There has been much lamenting not just about the Cubs’ performance on the field this year, but also the franchise’s performance in the stands; announced attendance for a game dropped below 27,000 for the first time since 2002, and obviously actual attendance is often considerably lower.

And? It’s about time.

I was directed towards an interesting sports-data visualization contest the other day, and the winner charted payroll versus wins and payroll versus attendance by stadium capacity. I know this is a point I’ve made before, but the Cubs have been a victory-recession-proof business.

Here’s last year; you can see how the Cubs underperformed in wins versus payroll, and overperformed in attendance versus payroll, if only just barely:

 

Here’s 2002:

Cubs attendance

 

And 2000, when the Cubs lost 97 games, their worst season since 1980, and when they had a worse winning percentage than they do now (.401 versus .409):

 

What I like about this data visualization is how it suggests, depending on how you look at it, which teams are undervalued by their fans, and which teams are overvalued in comparison to other teams. Sometimes the Cubs are good; sometimes they’re not; sometimes attendance goes down, and sometimes it goes up… but they regularly outperform baseball as a whole.

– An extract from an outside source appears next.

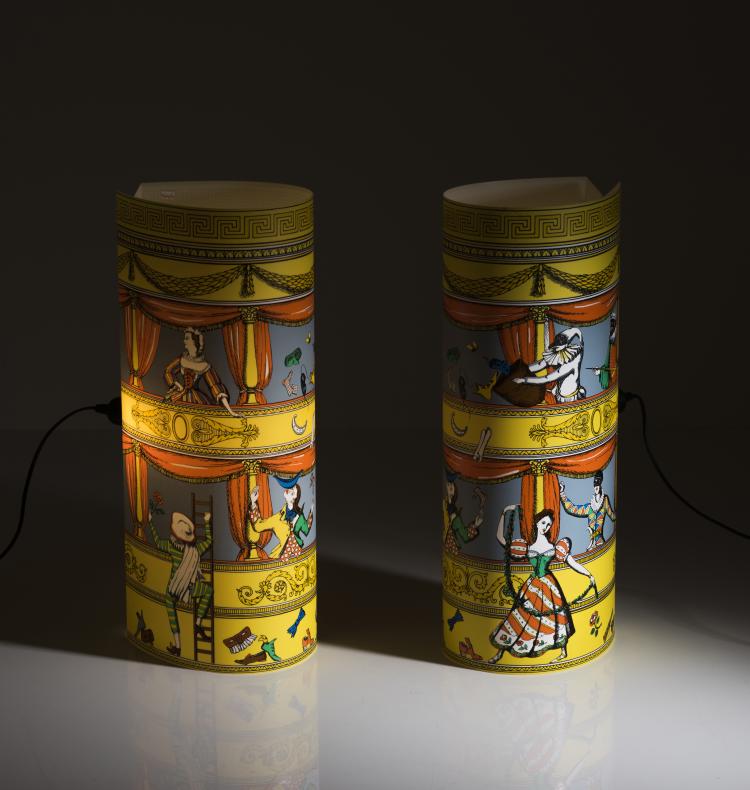 Bild 1 zu Objekt, Two 'Commedia italiana medio' table lights, c1995, Barnaba Fornasetti, Antonangeli Illuminazione, Paderno Dugnano/Mailand; Fornasetti, Mailand, 134A 232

Admittedly, the team on the field isn’t the only reason to go to a baseball game; even as a lifelong fan, it’s not the only reason I go. Wrigley is pleasant, intimate, a link to the game’s past—a big deal in the most nostalgic of major sports—easy to get to, and surrounded by stuff to do. And, as ESPN Chicago’s Jon Greenberg points out, the percentage of the team’s attendance attributable to tourism is surprisingly high.

Maybe it’s actually different this year. The 2000 Cubs had Sammy Sosa and a young Kerry Wood; the 2002 Cubs had Sosa, Wood, Mark Prior, and a 21-year-old Carlos Zambrano. This year’s team is just really boring. Their best hitters are all 33 years old or more, and two of them, Carlos Pena and Marlon Byrd, are essentially rentals. Their outfield, at least before Fukudome left, was an average of 34 years old. They didn’t do anything interesting at the trade deadline. Their high-level farm system lacks players putting pressure on the major-leaguers. They don’t even have any compelling failures (Adam Dunn, Alex Rios) to build a storyline around.

It’s possible to have a bad, interesting team. The Cubs are a bad, boring team.

They just seem to be killing time until they get their disastrous contracts off the books, perhaps to pick up Albert Pujols or Prince Fielder, and/or the some of the excellent pitchers who will likely come on the market the next year. Ted Cox put it well a couple days ago: "I felt like I was watching a bunch of bedraggled Little Leaguers anxious for their moms to pick them up and get them out of the sun."